The main reason to remove the manufacturer's lubricant may be to avoid softening the paraffin wax with a solute. But some hot-waxers deliberately introduce softening agents. Your line of argument generally matches my experience, but I think that hard paraffin wax is only marginally soluble in mineral spirits. I have been using mineral spirits to clean the chain and relying on a thorough hot wax bath and agitation to remove any remaining crud on the chain. What settles out in the wax bath can be scraped from the bottom of the block after it cools. I put a mesh screen in the bottom of the pot to permit the crud to settle below the chain, maintain a temperature around 170 degrees F. so the wax fluid is thin to aid penetration, agitate and flip the chain over a couple of times in about a half-hour period, and let the bath cool until it's starting to skim before removing the chain. However, I'm now inclined to skip the cleaning (mineral spirits state or a boiling-water bath) and drop the uncleaned chain in hot wax as sufficient for both cleaning and waxing.
Originally Posted by
cyccommute
Why would the factory lubricant prevent adhesion to the surface of the metal? If the chain is hot waxed, the factory lubricant is melted off with the wax…it is a wax itself. If the chain is being solvent wax lubricated, the solvent dissolves the factory lubricant. As to any particles adhering to the metal, that would depend on the particles suspended in the wax. Teflon, for example, would not bond to the metal no matter what conditions you use. If the particles are something like molybdenum sulfide, I question the conditions needed for the MoS to bond to the metal. Additionally, the MoS is suspended in a wax that will also interfere with the adherence. If the wax doesn’t interfere with the adherence, the factory lubricant…again, a wax…won’t interfere either.

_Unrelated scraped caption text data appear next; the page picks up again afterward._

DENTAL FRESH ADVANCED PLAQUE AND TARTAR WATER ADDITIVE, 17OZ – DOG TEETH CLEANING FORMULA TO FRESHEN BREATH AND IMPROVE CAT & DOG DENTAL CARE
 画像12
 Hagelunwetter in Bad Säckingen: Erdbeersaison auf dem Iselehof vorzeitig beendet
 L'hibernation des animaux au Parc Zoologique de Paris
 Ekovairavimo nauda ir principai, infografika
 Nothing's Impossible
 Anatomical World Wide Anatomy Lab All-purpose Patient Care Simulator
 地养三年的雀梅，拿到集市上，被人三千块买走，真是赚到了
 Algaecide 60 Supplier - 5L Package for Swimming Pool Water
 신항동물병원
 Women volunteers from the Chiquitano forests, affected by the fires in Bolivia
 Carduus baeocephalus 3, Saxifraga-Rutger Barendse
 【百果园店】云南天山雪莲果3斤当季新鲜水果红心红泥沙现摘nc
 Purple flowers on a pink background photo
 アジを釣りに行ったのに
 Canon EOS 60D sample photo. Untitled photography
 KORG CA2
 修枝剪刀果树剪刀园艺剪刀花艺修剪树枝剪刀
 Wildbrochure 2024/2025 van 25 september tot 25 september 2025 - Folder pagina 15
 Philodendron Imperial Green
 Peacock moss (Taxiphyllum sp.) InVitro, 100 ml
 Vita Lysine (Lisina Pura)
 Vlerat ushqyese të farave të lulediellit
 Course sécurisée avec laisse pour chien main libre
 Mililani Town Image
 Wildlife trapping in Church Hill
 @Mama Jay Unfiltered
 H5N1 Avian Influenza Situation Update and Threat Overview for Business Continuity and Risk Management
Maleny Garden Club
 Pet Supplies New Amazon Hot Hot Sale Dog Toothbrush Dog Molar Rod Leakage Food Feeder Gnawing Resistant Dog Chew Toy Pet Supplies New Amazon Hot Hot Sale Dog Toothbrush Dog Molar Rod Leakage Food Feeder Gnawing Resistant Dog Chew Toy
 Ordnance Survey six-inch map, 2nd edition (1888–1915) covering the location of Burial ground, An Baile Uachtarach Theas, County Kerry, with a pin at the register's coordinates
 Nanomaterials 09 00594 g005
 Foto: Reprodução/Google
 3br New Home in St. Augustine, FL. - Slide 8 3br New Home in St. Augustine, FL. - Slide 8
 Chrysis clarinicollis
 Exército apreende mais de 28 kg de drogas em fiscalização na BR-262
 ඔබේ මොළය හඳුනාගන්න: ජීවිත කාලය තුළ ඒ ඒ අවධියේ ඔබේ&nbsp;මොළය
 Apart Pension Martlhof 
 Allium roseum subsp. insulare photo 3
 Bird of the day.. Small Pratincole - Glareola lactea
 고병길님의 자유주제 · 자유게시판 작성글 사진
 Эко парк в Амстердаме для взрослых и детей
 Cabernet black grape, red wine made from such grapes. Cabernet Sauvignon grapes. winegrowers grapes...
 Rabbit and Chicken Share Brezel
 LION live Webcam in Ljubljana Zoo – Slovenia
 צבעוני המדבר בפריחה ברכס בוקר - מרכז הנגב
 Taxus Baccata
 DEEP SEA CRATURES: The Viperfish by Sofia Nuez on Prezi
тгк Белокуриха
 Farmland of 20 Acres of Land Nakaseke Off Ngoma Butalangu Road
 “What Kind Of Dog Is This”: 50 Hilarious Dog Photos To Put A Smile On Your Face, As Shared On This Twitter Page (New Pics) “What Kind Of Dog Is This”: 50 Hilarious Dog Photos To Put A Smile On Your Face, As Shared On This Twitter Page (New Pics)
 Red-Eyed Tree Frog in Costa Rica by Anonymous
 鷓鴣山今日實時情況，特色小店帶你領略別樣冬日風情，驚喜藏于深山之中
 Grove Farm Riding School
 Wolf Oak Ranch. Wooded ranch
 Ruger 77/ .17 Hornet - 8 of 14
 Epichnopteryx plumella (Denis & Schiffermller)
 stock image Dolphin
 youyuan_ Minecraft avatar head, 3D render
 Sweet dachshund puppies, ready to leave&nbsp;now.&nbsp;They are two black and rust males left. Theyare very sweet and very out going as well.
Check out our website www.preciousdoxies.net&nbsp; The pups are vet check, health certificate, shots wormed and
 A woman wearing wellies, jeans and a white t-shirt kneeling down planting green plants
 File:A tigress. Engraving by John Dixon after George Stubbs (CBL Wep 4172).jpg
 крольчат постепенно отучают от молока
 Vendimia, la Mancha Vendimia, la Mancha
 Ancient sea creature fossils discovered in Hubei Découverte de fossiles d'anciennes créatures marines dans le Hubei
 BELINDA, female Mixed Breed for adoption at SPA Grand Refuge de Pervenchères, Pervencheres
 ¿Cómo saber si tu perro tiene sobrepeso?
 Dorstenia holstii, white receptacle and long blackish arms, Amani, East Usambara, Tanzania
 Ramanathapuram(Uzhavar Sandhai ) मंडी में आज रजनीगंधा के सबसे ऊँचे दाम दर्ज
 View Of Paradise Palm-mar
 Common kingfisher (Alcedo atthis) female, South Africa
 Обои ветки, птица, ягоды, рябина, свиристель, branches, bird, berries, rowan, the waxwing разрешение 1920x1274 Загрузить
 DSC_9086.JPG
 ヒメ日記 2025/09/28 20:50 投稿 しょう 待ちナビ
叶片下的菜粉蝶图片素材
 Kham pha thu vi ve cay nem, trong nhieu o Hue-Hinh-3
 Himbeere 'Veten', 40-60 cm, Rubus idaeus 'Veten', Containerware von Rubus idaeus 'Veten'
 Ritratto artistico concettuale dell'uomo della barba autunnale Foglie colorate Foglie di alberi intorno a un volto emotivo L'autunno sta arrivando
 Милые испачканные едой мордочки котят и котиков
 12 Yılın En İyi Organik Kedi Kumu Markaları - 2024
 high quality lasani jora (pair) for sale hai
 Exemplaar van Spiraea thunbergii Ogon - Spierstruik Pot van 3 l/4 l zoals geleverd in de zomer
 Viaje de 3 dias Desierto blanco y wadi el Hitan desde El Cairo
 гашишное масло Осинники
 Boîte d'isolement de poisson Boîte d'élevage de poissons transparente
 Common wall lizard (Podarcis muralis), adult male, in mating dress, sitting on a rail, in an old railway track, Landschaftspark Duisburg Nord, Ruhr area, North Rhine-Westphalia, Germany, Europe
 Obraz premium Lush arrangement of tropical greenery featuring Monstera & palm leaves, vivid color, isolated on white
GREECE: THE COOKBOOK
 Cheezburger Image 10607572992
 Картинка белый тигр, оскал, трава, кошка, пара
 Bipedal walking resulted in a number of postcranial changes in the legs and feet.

Finally, all this foolishness is only going to result in marginal gains in terms of wear and chain longevity. Bicycle chains are going to wear out and all the magic juices and magic waxes and magic incantations aren’t going to change that by much. An incredible expensive chain using an incredibly expensive lubricant and incredibly expensive cleaning system really isn’t going to wear slower than a cheap chain that hasn’t be pampered.